The Liberal Arts Historical Marker
The College's liberal arts tradition may be traced to President Howard Malcom who served as President from 1840-1849. Though he left the College due to his anti-slavery viewers, which caused conflict among the then-pro-slavery community, Malcom's imprint on the College was long-lasting as an important leader in Baptist history, his work as a missionary and pastor, his community leadership through encouragement of the establishment of the Female Academy. On campus, he organized of the first literary societies and established and championed the new curriculum which included classics and electives.
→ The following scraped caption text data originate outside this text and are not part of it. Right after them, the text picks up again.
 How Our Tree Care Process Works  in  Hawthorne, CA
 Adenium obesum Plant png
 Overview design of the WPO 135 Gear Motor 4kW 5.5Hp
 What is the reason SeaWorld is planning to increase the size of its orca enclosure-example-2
Established in 1840, this curriculum sought to help to provide the students with "moral and intellectual elevation which are the proper objects of ambition." As with any institution of higher learning, Georgetown College's curriculum has seen changes over the following 170 years. For instance, early twentieth-century revisions in the curriculum broadened the required courses to include myriad areas such as the fine arts, literature, foreign languages, natural sciences, physical education, social sciences, and history.
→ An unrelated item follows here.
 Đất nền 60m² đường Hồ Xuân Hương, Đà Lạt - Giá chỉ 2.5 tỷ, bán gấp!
Today's curriculum may be traced to a general education revision that was ushered in a few years ago (in 2010) and focused on breadth and depth. Students have special learning opportunities such as the Honors Program, Immersión en Español, Service Learning, and Study Abroad. Students may also specialize their learning through the creation of an area major across two or more disciplines or enrollment in pre-professional/dual degree programs.
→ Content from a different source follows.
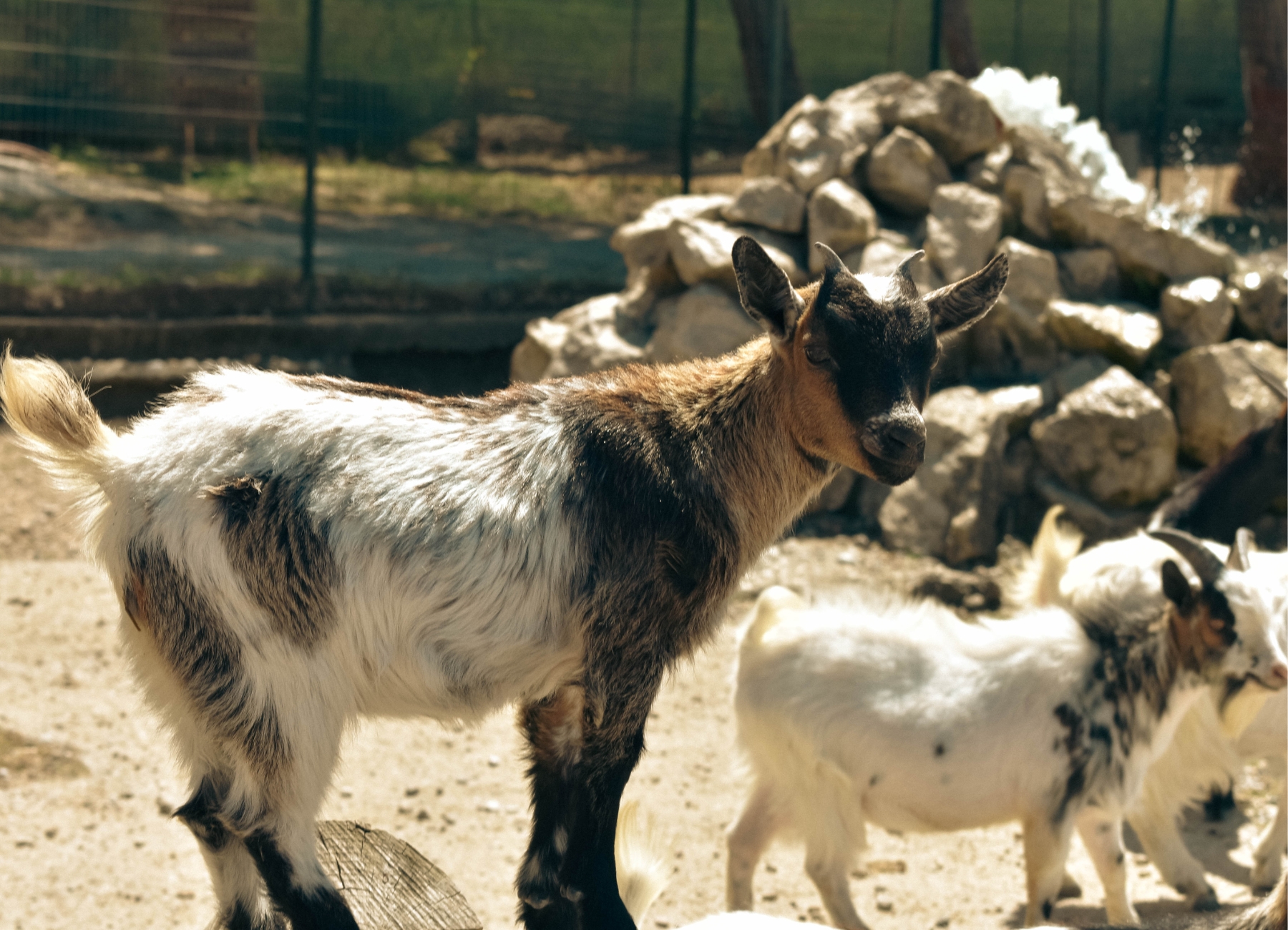 Nigerian Dwarf Goats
No structure on campus captures the essence of liberal arts more than the Anna Ashcraft Ensor Learning Resource Center. While situated on land far from Malcolm's original library (in Giddings Hall), a portion of the books used to help further President Malcom's vision years ago are still in existence. They are preserved in the College's Archives in the LRC. Their location is fitting: for of the many buildings on Georgetown's campus, the neo-classical LRC stands as a symbol of higher learning, dedication, and focus for both students and faculty alike. In addition to the Malcom holdings, the Archives houses a collection of objects, documents, photographs, videos and art work dating back to the institution of the school. Beyond the library holdings and those of the Archives, the LRC is home to the Dr. Donald L. and Dorothy Jacobs Gallery and Gallery 108 (where the community can attend art functions, display their own work, and view the college's stunning permanent collection). This site also is the central hub of academia on campus by being home of majority of the academic materials used by students as well as the residents of the city of Georgetown.